Might as well pitch some ideas!!
ATLANTA, GA: Coca-Cola is dropping its low-sugar Coke Life brand in the United Kingdom after sales of the distinctive green-labeled drinks fizzed out.
London’s Daily Mail, among others, reported that the drink will disappear from store shelves in England and other parts of the UK in June.
Coke said Coke Life lives on in the United States, however.
“Since its launch in 2014, Coca-Cola Life has been performing well in the U.S. market. We continue to invest in the brand, expand availability and packaging diversity nationally,” a Coca-Cola spokesperson said in an emailed statement.
Coke and industry players blamed consumer confusion in the UK over where the drink fits in the line-up of drinks, as well the decision to scrap several sizes of cans and bottles, according to press reports.
The UK move could be bad news for two of Coke’s recent strategies to produce drinks with less sugar and smaller servings. The strategy has been the Atlanta beverage giant’s answer to slowing soda sales and complaints that its products are contributing to obesity.
Coke launched Life over two years ago as a healthier alternative to its traditional colas. The cola uses a hybrid mix of sugar and stevia leaf extract to produce drinks with about 35 t0 45 percent fewer calories, depending on the market.
According to the overseas news reports, the green cans and bottles initially came with 35 percent fewer calories than regular Coca-Cola, same as in the United States.

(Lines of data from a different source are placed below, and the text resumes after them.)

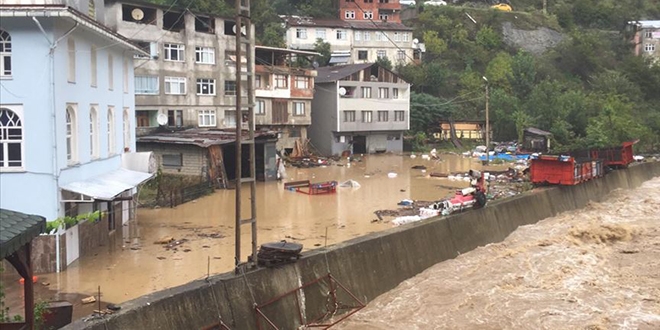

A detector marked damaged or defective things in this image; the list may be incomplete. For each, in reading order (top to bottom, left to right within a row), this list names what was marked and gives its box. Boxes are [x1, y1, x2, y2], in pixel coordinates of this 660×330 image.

rusty metal roof [137, 129, 276, 147]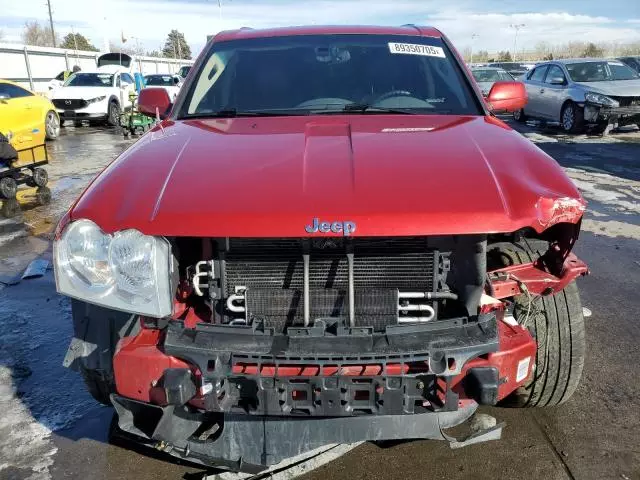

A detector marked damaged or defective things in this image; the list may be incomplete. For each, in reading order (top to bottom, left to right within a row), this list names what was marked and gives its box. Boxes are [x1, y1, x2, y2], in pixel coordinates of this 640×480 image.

exposed wheel [44, 109, 60, 139]
exposed tire [44, 109, 60, 139]
exposed wheel [560, 101, 584, 134]
exposed tire [560, 101, 584, 134]
exposed wheel [0, 176, 17, 199]
exposed tire [0, 176, 17, 199]
exposed tire [32, 166, 48, 187]
exposed wheel [32, 169, 48, 188]
exposed wheel [0, 197, 19, 218]
exposed wheel [490, 239, 584, 404]
exposed tire [490, 238, 584, 406]
exposed tire [80, 368, 112, 404]
exposed wheel [80, 368, 112, 404]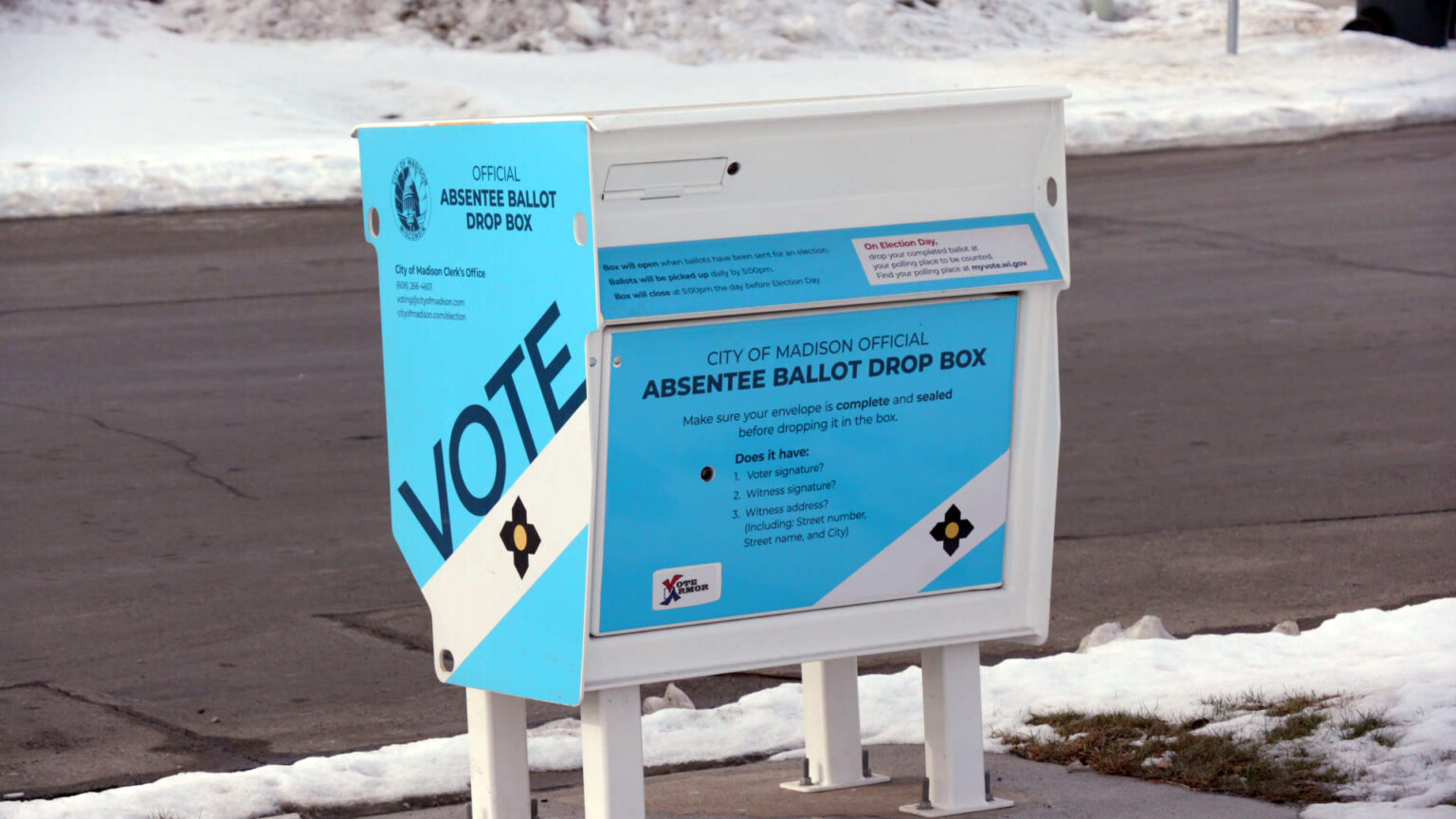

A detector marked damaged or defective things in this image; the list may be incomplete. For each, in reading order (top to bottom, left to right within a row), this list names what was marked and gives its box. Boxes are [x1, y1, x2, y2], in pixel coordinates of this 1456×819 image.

crack in pavement [1071, 210, 1456, 282]
crack in pavement [0, 399, 259, 498]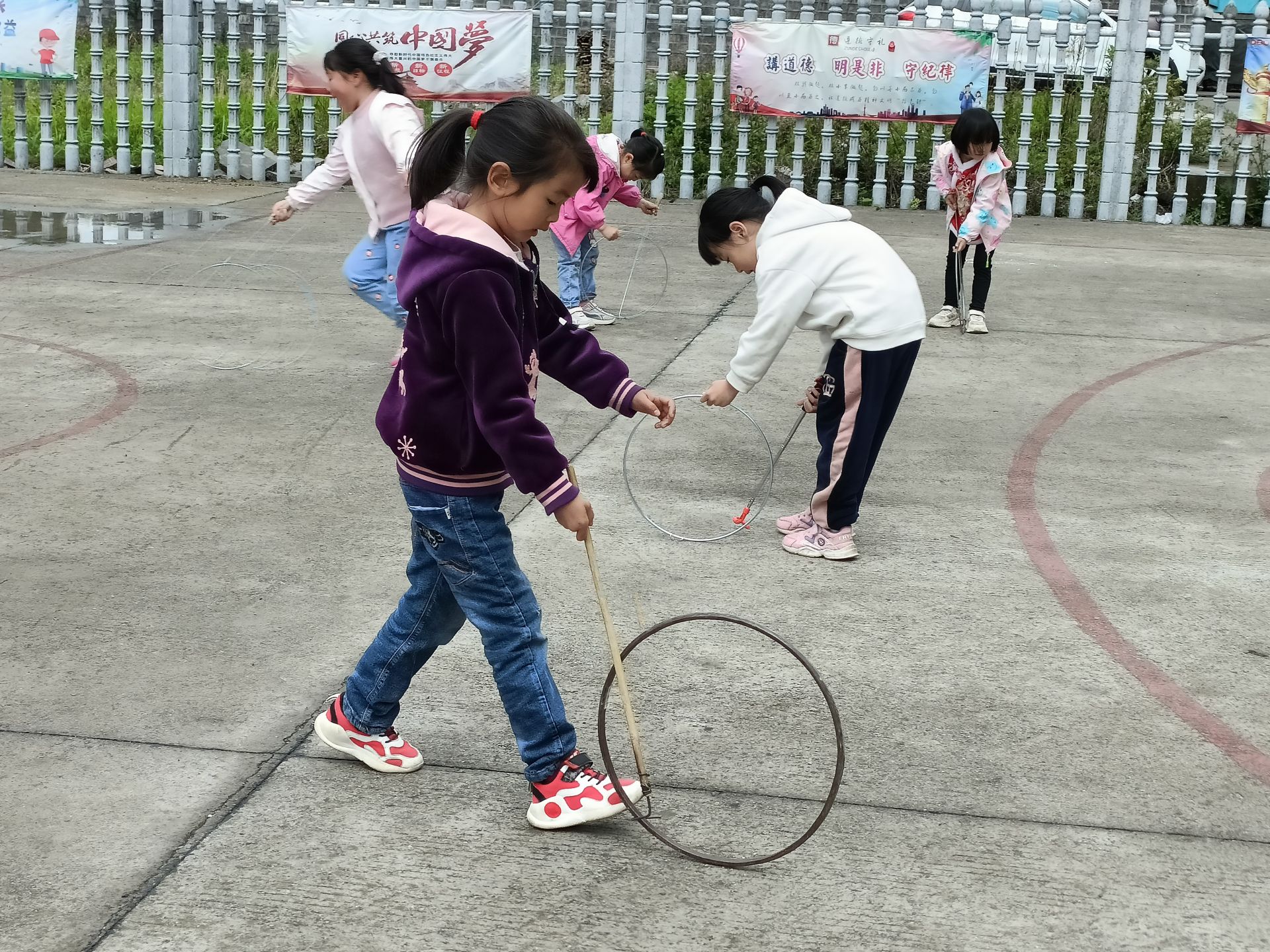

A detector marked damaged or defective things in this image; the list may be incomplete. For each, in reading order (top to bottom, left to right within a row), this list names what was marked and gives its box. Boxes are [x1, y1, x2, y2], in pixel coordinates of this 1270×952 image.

rusty iron hoop [594, 612, 843, 873]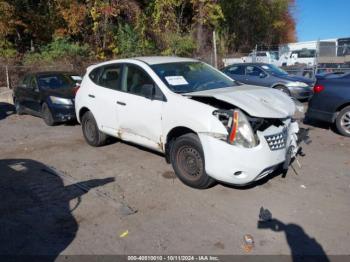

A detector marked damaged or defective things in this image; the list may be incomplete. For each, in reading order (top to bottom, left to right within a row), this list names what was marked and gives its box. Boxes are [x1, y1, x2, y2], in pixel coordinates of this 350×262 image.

crumpled hood [185, 85, 296, 118]
broken headlight [212, 109, 258, 148]
detached front bumper [198, 121, 302, 185]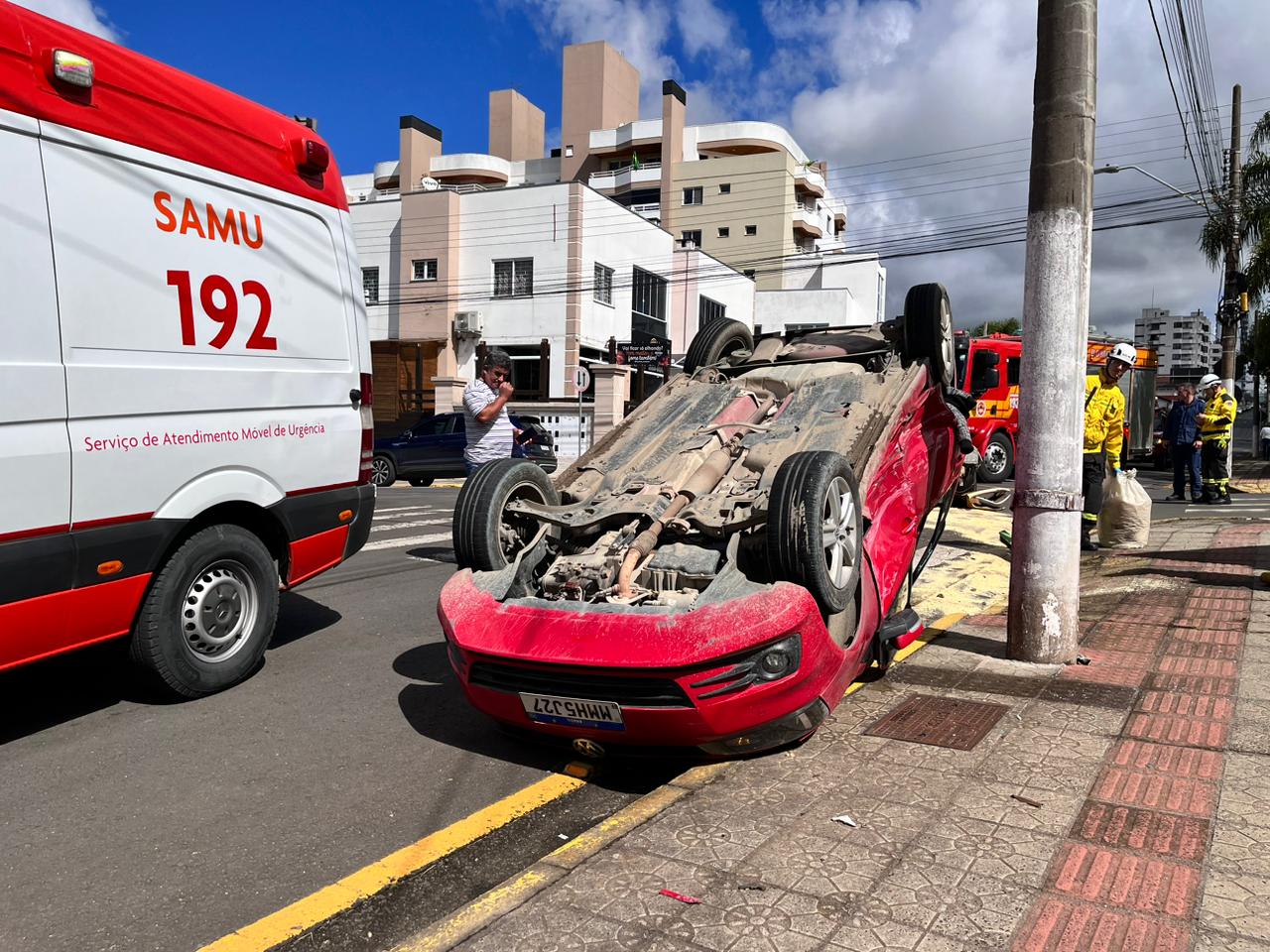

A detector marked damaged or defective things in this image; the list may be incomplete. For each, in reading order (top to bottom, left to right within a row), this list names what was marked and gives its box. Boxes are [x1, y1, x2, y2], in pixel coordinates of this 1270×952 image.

overturned red car [437, 283, 969, 762]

But after two years of falling sales, the company cut the sugar level to roughly half as high as traditional Coke.
Last year, sales of Coca-Cola Life fell by 58 percent in the UK after the company scrapped several sizes of cans and bottles, the Daily Mail reported, citing a trade magazine, The Grocer.
Meanwhile, sales of Coca-Cola’s no-calorie versions, Coca-Cola Zero Sugar, have grown significantly, the newspaper reported. Coca-Cola plans to boost its investment in that brand in the U.K., the newspaper said.